## Records provided

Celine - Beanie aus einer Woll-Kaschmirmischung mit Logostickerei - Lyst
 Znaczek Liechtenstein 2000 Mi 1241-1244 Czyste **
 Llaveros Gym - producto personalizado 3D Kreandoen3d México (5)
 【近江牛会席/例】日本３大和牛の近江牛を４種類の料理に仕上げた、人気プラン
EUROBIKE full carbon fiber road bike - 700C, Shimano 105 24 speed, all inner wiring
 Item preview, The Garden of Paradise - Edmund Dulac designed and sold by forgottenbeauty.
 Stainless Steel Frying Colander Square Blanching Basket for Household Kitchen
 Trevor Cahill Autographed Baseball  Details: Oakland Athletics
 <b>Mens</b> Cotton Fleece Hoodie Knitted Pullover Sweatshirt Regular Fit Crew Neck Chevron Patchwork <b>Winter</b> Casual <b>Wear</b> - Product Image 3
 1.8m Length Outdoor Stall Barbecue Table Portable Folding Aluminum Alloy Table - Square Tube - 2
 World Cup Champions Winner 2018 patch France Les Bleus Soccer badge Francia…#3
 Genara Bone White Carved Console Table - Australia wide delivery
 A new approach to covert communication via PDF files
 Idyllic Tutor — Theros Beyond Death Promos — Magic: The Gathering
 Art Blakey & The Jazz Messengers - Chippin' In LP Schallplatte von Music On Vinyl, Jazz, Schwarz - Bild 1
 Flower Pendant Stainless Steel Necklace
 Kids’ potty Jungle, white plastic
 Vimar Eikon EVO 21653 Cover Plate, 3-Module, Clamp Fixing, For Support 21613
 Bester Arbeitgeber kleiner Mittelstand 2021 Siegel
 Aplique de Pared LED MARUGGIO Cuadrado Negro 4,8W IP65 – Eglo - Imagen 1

## Work item
Go through the material above and output exactly the lines from the one containing "Llaveros Gym - producto" through the one containing "Trevor Cahill Autographed".

## Solution for this exercise
 Llaveros Gym - producto personalizado 3D Kreandoen3d México (5)
 【近江牛会席/例】日本３大和牛の近江牛を４種類の料理に仕上げた、人気プラン
EUROBIKE full carbon fiber road bike - 700C, Shimano 105 24 speed, all inner wiring
 Item preview, The Garden of Paradise - Edmund Dulac designed and sold by forgottenbeauty.
 Stainless Steel Frying Colander Square Blanching Basket for Household Kitchen
 Trevor Cahill Autographed Baseball  Details: Oakland Athletics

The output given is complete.